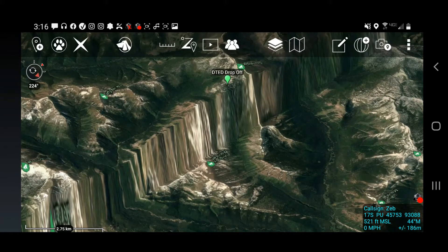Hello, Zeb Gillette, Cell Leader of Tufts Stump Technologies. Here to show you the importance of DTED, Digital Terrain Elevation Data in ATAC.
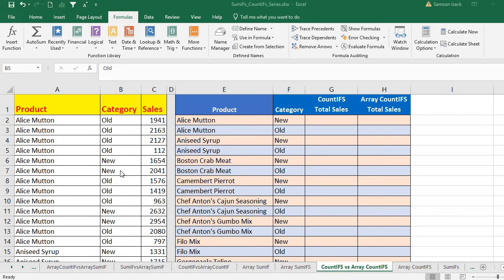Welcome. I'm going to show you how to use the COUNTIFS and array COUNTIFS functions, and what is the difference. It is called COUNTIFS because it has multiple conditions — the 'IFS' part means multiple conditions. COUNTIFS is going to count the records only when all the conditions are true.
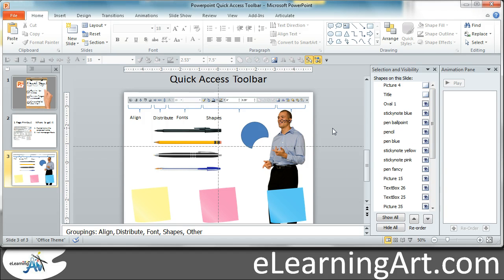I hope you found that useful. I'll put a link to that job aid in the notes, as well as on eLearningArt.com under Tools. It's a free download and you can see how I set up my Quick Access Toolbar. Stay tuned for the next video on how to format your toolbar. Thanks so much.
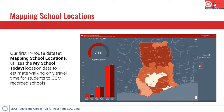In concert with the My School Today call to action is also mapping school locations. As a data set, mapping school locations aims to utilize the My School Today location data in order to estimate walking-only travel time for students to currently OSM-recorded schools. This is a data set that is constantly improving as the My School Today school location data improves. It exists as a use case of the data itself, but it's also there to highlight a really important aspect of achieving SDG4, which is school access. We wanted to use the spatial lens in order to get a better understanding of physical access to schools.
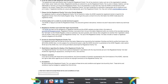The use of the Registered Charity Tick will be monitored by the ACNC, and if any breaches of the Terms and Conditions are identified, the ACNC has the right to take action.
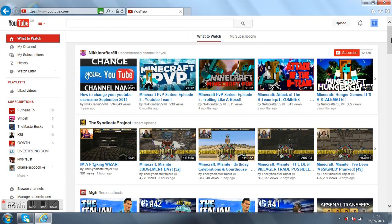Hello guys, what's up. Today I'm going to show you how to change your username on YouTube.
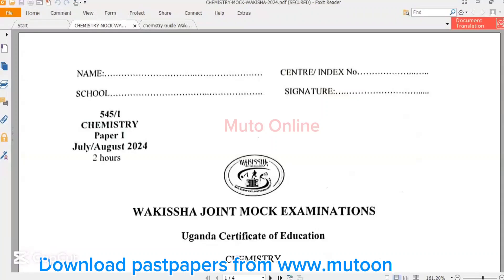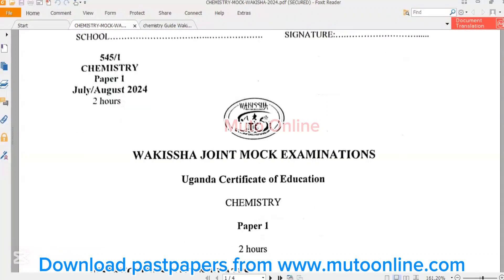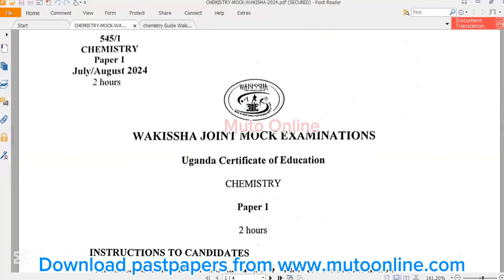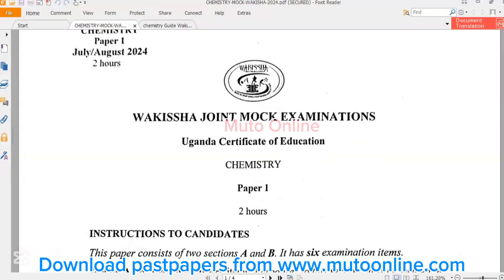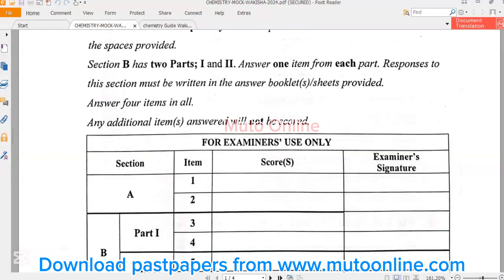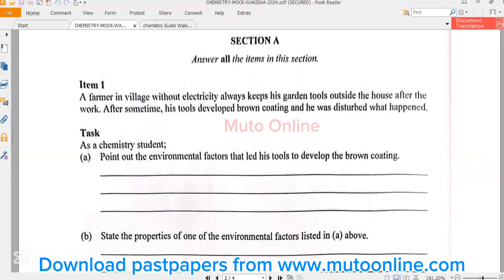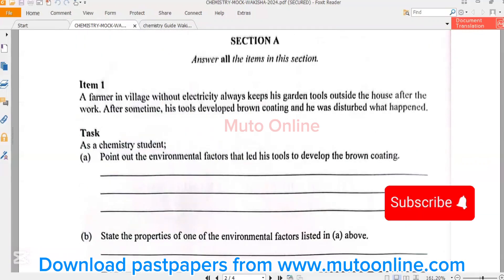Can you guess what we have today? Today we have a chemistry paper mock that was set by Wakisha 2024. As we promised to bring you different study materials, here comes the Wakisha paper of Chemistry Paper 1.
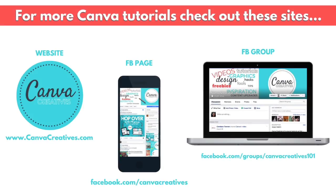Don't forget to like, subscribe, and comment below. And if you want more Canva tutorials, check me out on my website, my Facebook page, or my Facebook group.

________

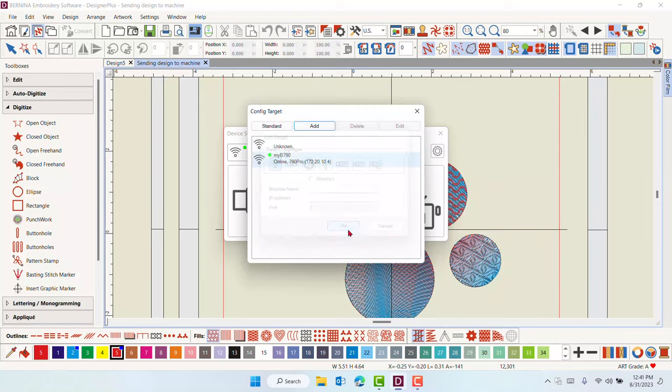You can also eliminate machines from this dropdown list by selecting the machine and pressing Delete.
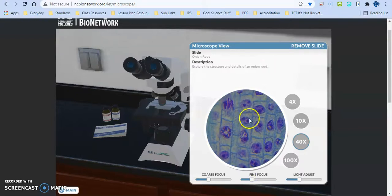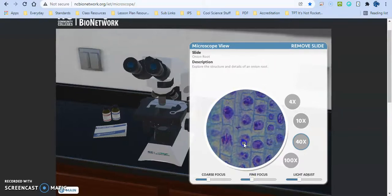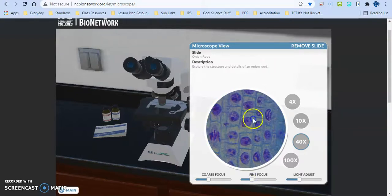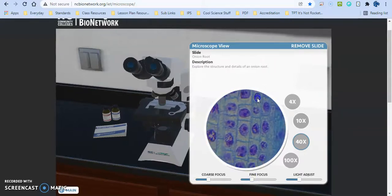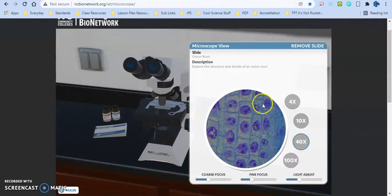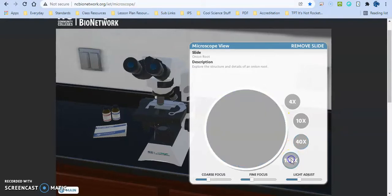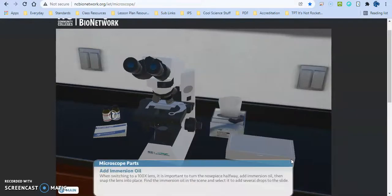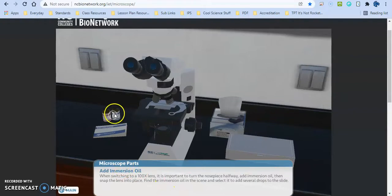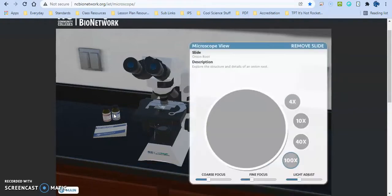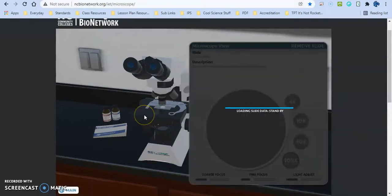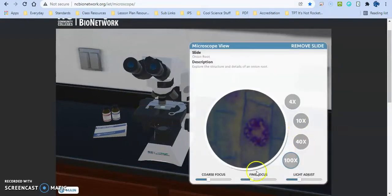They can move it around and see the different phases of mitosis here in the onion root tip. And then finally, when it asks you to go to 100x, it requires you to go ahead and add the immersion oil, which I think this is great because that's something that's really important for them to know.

________

Exercise requirements — Would you set down only the lines above from the line with "Hello, Zeb Gillette, Cell" to the line with "I hope you found", both included, exactly as they stand and without the pictures?

Response for this exercise —
Hello, Zeb Gillette, Cell Leader of Tufts Stump Technologies. Here to show you the importance of DTED, Digital Terrain Elevation Data in ATAC.
Welcome. I'm going to show you how to use the COUNTIFS and array COUNTIFS functions, and what is the difference. It is called COUNTIFS because it has multiple conditions — the 'IFS' part means multiple conditions. COUNTIFS is going to count the records only when all the conditions are true.
I hope you found that useful. I'll put a link to that job aid in the notes, as well as on eLearningArt.com under Tools. It's a free download and you can see how I set up my Quick Access Toolbar. Stay tuned for the next video on how to format your toolbar. Thanks so much.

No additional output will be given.